The records:
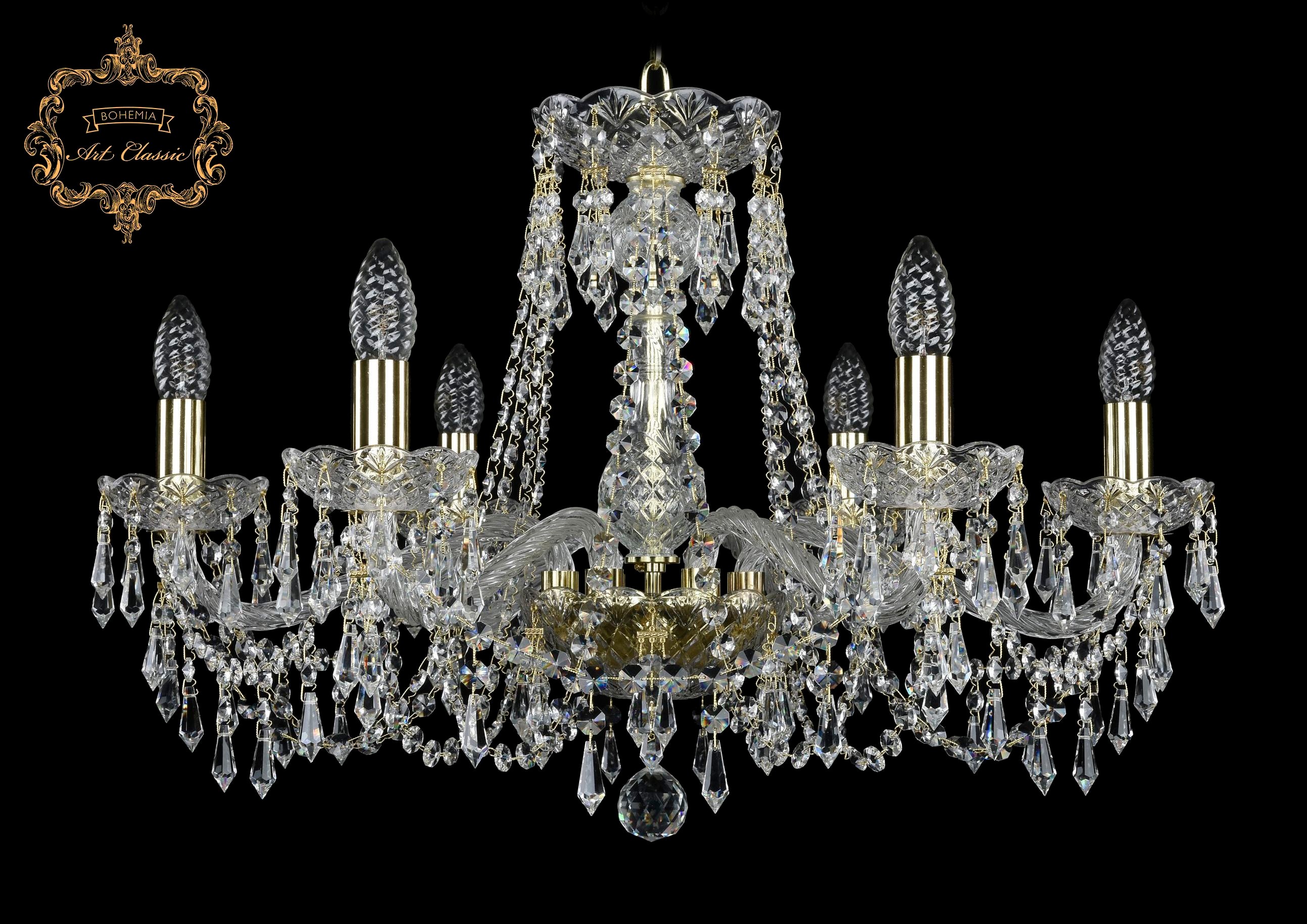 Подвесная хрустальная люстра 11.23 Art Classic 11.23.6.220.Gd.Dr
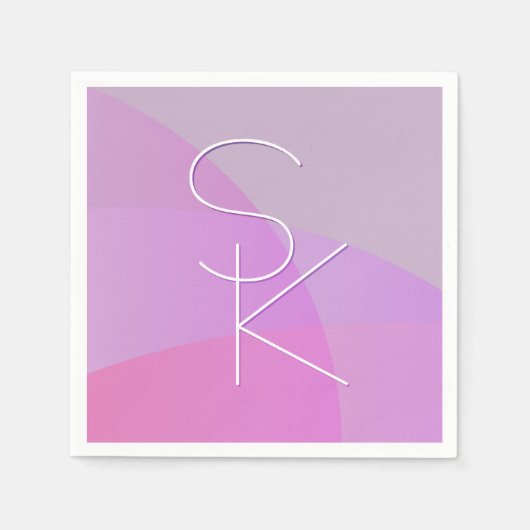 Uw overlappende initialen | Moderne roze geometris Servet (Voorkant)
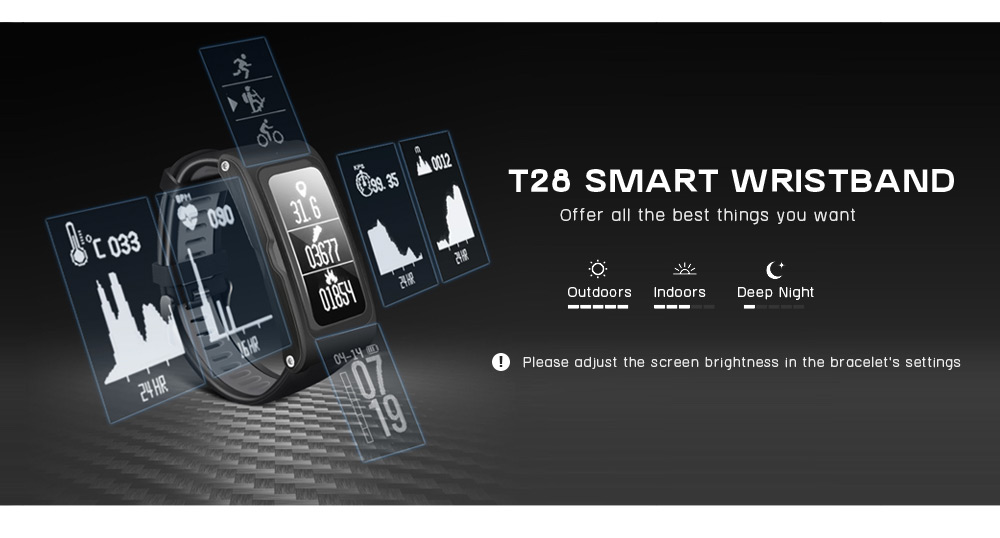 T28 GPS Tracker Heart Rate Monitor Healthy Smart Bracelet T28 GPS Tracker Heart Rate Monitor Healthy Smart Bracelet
---
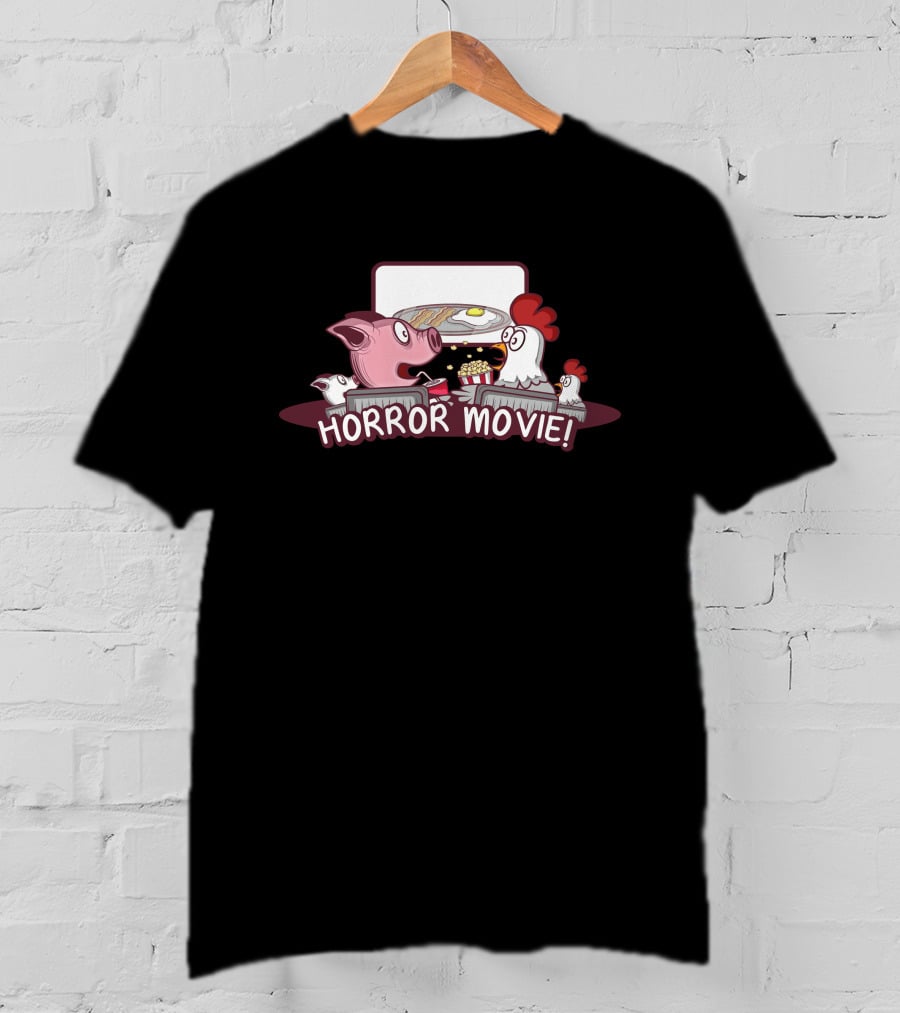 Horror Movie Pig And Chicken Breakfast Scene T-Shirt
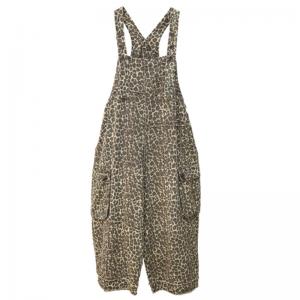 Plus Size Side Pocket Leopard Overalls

Exercise requirements:
In the records above, find the line with "Подвесная хрустальная люстра" and the line with "T28 GPS Tracker Heart Rate Monitor Healthy Smart Bracelet T28"; please transcribe exactly those two lines and all lines between them, omitting any picture.

Output:
 Подвесная хрустальная люстра 11.23 Art Classic 11.23.6.220.Gd.Dr
 Uw overlappende initialen | Moderne roze geometris Servet (Voorkant)
 T28 GPS Tracker Heart Rate Monitor Healthy Smart Bracelet T28 GPS Tracker Heart Rate Monitor Healthy Smart Bracelet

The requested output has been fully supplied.